In the present study, growth experiments in batch cultures of Microcystis sp. (strain1. UFRJ) were carried out with the aim evaluating the effect of P (phosphorus) and Fe (iron) on the growth and microcystin production of the cells. The sanitation company of Minas Gerais collected environmental samples from Belo Horizonte water bodies (8) and previously detected microcystin using HPLC and a mouse bioassay. To detect the microcystin produced under culture conditions and to confirm its presence in environmental samples the protein phosphatase (type 1) test was used.



Culture Conditions

Axenic, microcystin producing Microcystis aeruginosa (strain 1) was acquired from the culture collection of Universidade Federal do Rio de Janeiro-UFRJ. The inoculum was produced by growing M. aeruginosa in 50 mL of ASM-1 medium in a 250 mL Erlenmeyer flask and incubated at 7 days under controlled conditions. Batch cultures were maintained at a controlled temperature of 25 ± 1ºC and light intensity of 30 mE.m-2.s-1 (cool white fluorescent light) using a 12h photoperiod.

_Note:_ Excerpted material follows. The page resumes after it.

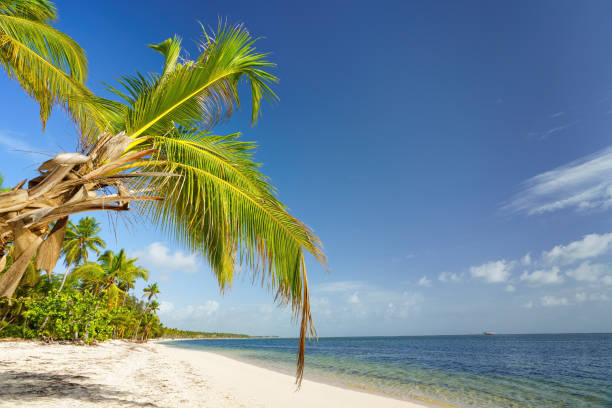 istock Sunny tropical beach in dominican republic 1308330994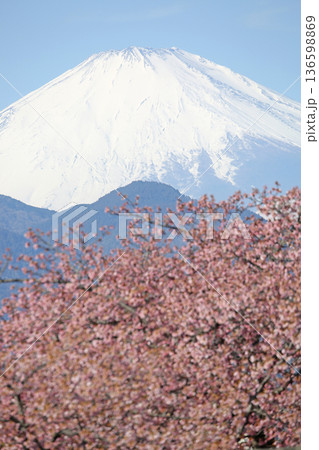 河津桜と富士山 河津桜と富士山 136598869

All glassware was soaked in 2% NaOH overnight, thoroughly rinsed in sterile Milli-Q water, soaked in 2% HCl overnight and thoroughly rinsed in Milli-Q water before being sterilized. The inoculum was introduced into six liters of ASM-1 medium (14) and grown in batch under the above conditions with aeration. The following experiments were set up in order to test the effects of phosphorus and iron on growth and microcystin production: (a) Sterile ASM-1 medium (standard conditions, 24 mM P and 4 mM Fe); (b) Sterile ASM-1 medium with 6 mM P and 4 mmM Fe; (c) Sterile ASM-1 medium with 2 mM P and 4 mM Fe; and (d) Sterile ASM-1 medium with 24 mM P and 1 mM Fe. A stock solution of ferric chloride was prepared and added aseptically to final concentrations of 4 and 1 mM. The vials of stock solutions were prepared at same time to medium preparation. Phosphate limited conditions were obtained by decreasing the stock solution of Na2HPO4 to final concentration 24, 6 and 2 mM P. Three growth experiments were carried out for each set of nutrient conditions and the result expressed as the mean of the three growth curves.

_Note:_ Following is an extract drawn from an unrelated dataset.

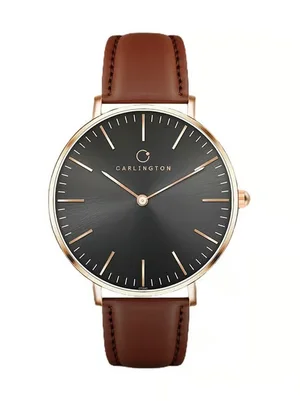 Grab Up to 84% Off on Carlington Analog Watches!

Growth was monitored by measuring dry weight at each sampling day by filtering 50 mL of the culture and the filter dried and weighed using the Denver Instruments 2 HP balance, with infra red at 100ºC.

Growth rate and doubling time were calculated by equations described by White (38). The doubling time of each of the new growth curves under various nutrient conditions, using M. aeruginosa (strain 1).

Protein Phosphatase (type 1) inhibition - test PP1 test

Following the procedure by Ward et al. (36), the pellet of M. aeruginosa was dissolved in 10 mL methanol 70% and submitted to the PP1 test. For toxin analysis, the cells were harvested from 50 mL of culture at 3000 rpm for 20 min at 20ºC, the supernatant was removed and the pellet were frozen and lyophilized. The toxins were extracted from the freeze-dried cells with methanol 70% for the phosphatase test (50 mg of lyophilized cells and 1.5 mL of methanol 70%).The catalytic subunit of protein phosphates 1, rabbit muscle, recombinant and expressed in Escherichia coli was obtained from Calbiochem (Lot B26090 - 539493 - CA).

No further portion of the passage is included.